The 100,000 daily figure was cited by the CEOs for both Universal Music Group and Warner Music Group at industry events in September, according to Music Business Worldwide, which used the staggering number as its Stat of the Week on Thursday.
MBW reports that outgoing WMG CEO Steve Cooper spoke to the implications of that figure at a Goldman Sachs event on Sept. 12, saying, “Today, on any given day of the week, roughly 100,000 tracks of music are uploaded to SoundCloud, Spotify, Apple [and] so on. The complexity of being able to separate one’s music from the other 99,999 tracks uploaded that day is incredibly complex [and] incredibly difficult.”
For Cooper, there’s a silver lining in that for record labels, as he said he believes artists will come to rely more on what labels can offer to distinguish themselves in an era where the coming of fresh W3 platforms will only make standing out from the crowd more difficult and complex. “Most creators don’t have the capital, the skill levels, [or] the expertise to do all of that and be successful,” Cooper said.
On Sept. 27, UMG’s Sir Lucian Grainge addressed the Music Matters conference in Singapore and repeated the figure, saying 100,000 tracks were being “added to music platforms every day,” per MBW. Like Cooper, Grainge, too, suggested this meant the majors would only become more vital in navigating the enormous traffic (plus “associated content” on social platforms).
This number represents radical growth, as MBW points out that it was only 18 months ago that the number of new tracks being uploaded daily to DSPs was a mere 60,000. That figure came from Spotify back in the relatively less congested days of February 2021. In April 2019, the daily number per Spotify was just roughly 40,000.
As for the overall number of tracks that now sit on DSPs, Apple Music this week announced that it had surpassed 100 million songs available on its service. Two years ago, that number stood at 70 million.
Putting this in context, Rachel Newman, Apple Music’s global head of editorial, wrote: “Back in the 1960s, only 5,000 new albums were released each year. … Every day, over 20,000 singers and songwriters are delivering new songs to Apple Music — songs that make our catalogue even better than it was the day before. One hundred million songs is evidence of a more democratic space, where anyone, even a new artist making music out of their bedroom, can have the next big hit.”
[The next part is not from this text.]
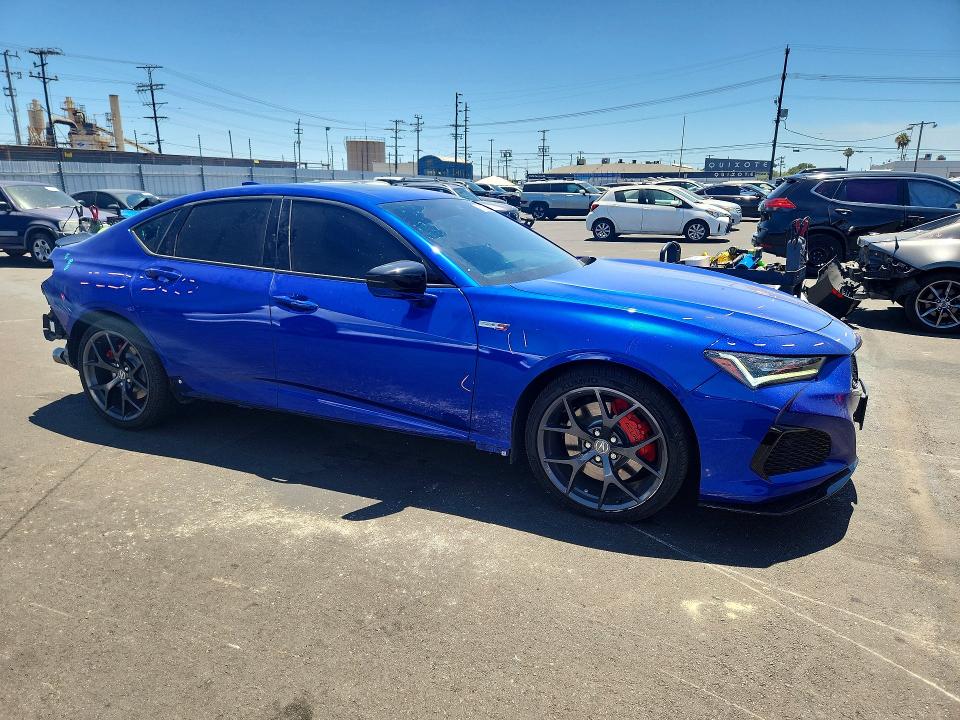 2023 Acura Tlx VIN 19UUB7F93PA002647 COPART salvage auction — REAR END, CA - SALVAGE CERTIFICATE, sold $17,300 on 2026-07-29 (photo 4)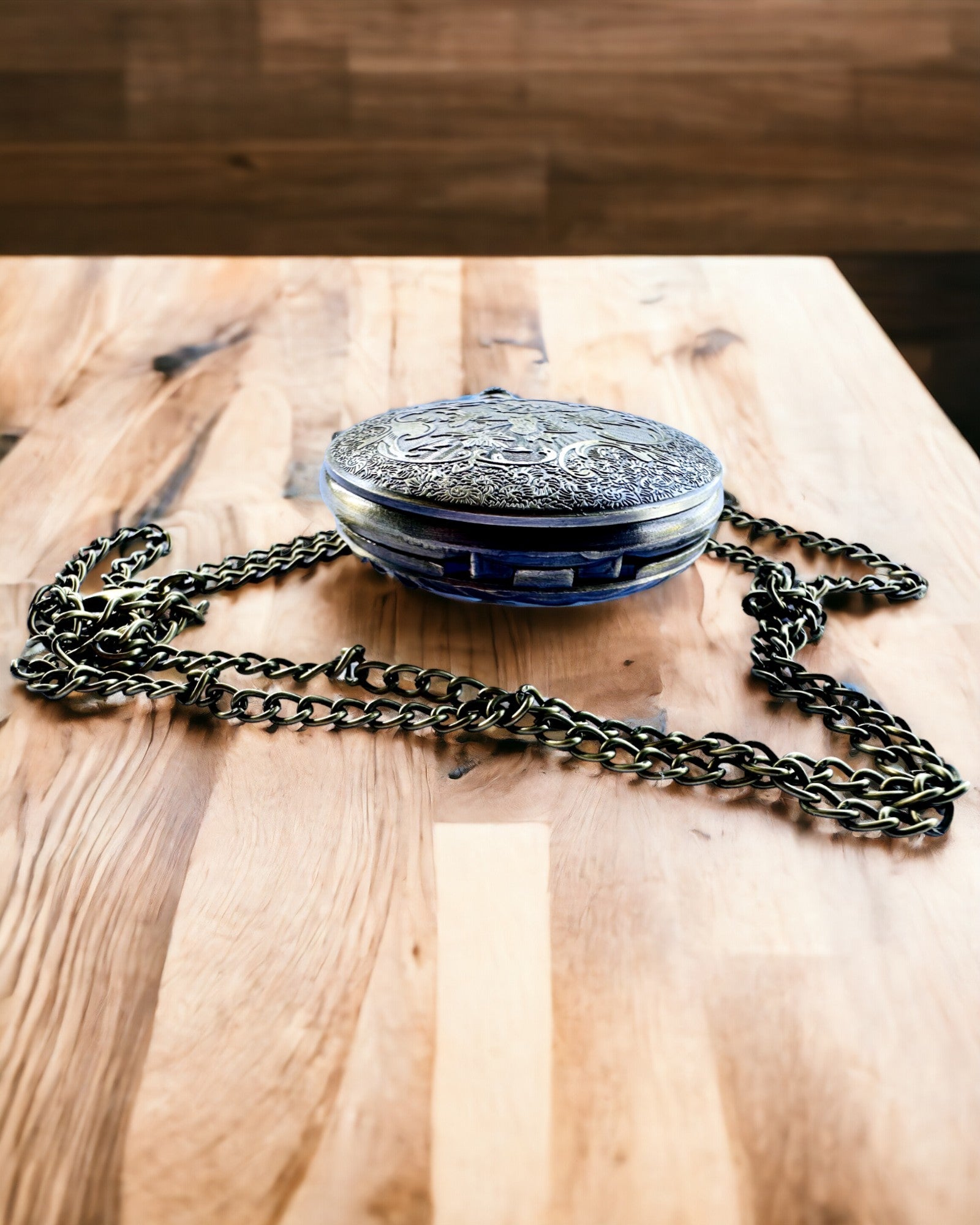 Lommeur "Vintage Explorer" med Mulighed for Gravering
Apple, of course, positioned itself as offering the solution to trying to find the gold hidden in that 100-million-strong haystack. “With such a huge expanse of songs, we know you need someone there to guide you through. Gone are the days of hitting shuffle on your library: Now it’s on us to help you discover new favorites and rediscover forgotten gems, whether it’s one of our expert radio hosts lighting your path, or a handcrafted playlist.”
Music Business Worldwide noted that neither Grainge nor Cooper cited a specific source for the 100,000-daily figure, but added that we might want to believe them because “they both run publicly-traded companies, so we’re gonna go ahead and do so.”